Wenn sie wiederkamen und sich beschwerten, verwies ich sie an die kostenpflichtige Kundenhotline. Denn im Laden kümmerte man sich nicht um Beschwerden, Kündigungen oder Tarifwechsel (es sei denn, der Kunden wollte seinen Tarif upgraden. Aber nicht wenn er in einen billigeren Tarif wechseln wollte). Hier verkaufte ich nur Verträge. Ich war Verkäufer. Ich musste verkaufen. Manchmal verkaufte ich Leuten sogar schon den dritten Vertrag und half ihnen dabei, sich zu verschulden. Ich habe Hunderte Leute auf dem Gewissen.

Ich log und betrog ohne Unterbrechung, weil es leichter war, als am Fließband zu stehen—während mein Boss im Internet auf der Suche nach freier Liebe war und durch sämtliche Muschis der Republik tourte.

Doch das alles war immer noch nicht genug. Ich sollte noch mehr, mehr, immer mehr verkaufen. Schließlich kamen diese super-charismatischen Arschlöcher von Verkaufscoaches ins Spiel. Sie wurden von der Zentrale damit beauftragt, mich zu einem noch besseren Verkäufer und noch schlechteren Menschen zu machen.

Sie prüften mein Tarifwissen, feilten an meiner Körperhaltung und meinen rhetorischen Fähigkeiten. Sie wuschen mir kräftig das Gehirn. Schon nach wenigen Monaten war ich so etwas wie ein Verkaufsterminator. Ich dachte nur noch daran, Verträge abzuschließen und nahm den Job mit nach Hause. Ich verkaufte Verträge an meine Freunde, meine Familie und besonders gerne an Leute, die ich gehasst hatte. Es ging so weit, dass es auf Partys kein anderes Gesprächsthema mehr gab; immer nur Handys und Flatrates.

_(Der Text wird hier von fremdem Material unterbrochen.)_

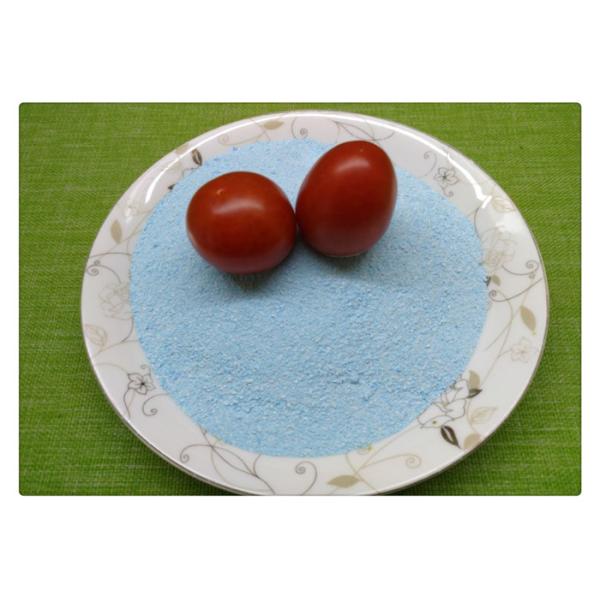 PH4-6 colhe o adubo do ácido aminado de 25% para plantas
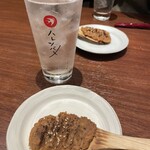 Yakitori Haretsubame -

Auch wenn ich auf beruflicher Ebene ein verdammt erfolgreicher Scheißkerl war, machte meine Freundin mit mir Schluss. Ich weiß nicht mehr warum. Vielleicht konnte sie es nicht mehr ertragen, dass ich öfter mit dieser Mobilfunkmafia ins Bett stieg als mit ihr. Ich wurde depressiv. Meine Arbeitsleistung ließ nach. Es war nicht mehr drin, 66 Wochenstunden abzureißen. Langsam fand ich zum Menschen in mir zurück und erlangte mein Gewissen wieder. Ich verkaufte den Leuten weniger Scheiß. Meinem Boss missfiel das sehr. Verständlich. Er musste jetzt wieder öfter im Laden stehen, um Leute zu bescheißen, und konnte sich weniger seiner Promiskuität widmen. Es reichte einfach nicht mehr aus, den Laden von einem Azubi mit einer 500 Euro „hohen“ Ausbildungsvergütung schmeißen zu lassen. Er nahm das persönlich.

Und so kam es, wie es kommen musste. Eines Tages saß ich hinten im Büro, versuchte eine Mittagspause zu machen und aß Pommes, als mein Boss hereinmarschierte und sofort zu brüllen begann: „Was tust du hier?! Es steht ein Kunde im Shop!“ Das war der Moment, in dem ich mich daran erinnerte, dass ich mich selbst für diesen Dreck entschieden hatte. Ich leistete dort keinen Zwangswehrdienst ab. Also stand ich auf, nahm die Pommes und warf sie gegen die Wand. Und während die mit Mayo beschmierten Kartoffelstreifen langsam an der Raufasertapete runterrutschten, sagte ich den berühmten Satz: „Ich kündige, Arschloch.“

Meine Ausbildung beendete ich schließlich in einem anderen Shop, der jedoch für denselben verbrecherischen Verein anschaffte. Später hatten sie mir sogar eine Stelle als Filialleiter angeboten, die ich einige Monate mit Verachtung und grenzenlosem Selbsthass ausführte. Nein. Augenblick. Das stimmt nicht ganz. Erst habe ich versucht, den Laden ehrlich und aufrichtig zu führen. Aber so lief er einfach nicht. Wir verkauften nie genug.

Jetzt bin ich Journalist. Denkt daran, wenn ihr das nächste Mal einen Handyvertrag abschließen wollt.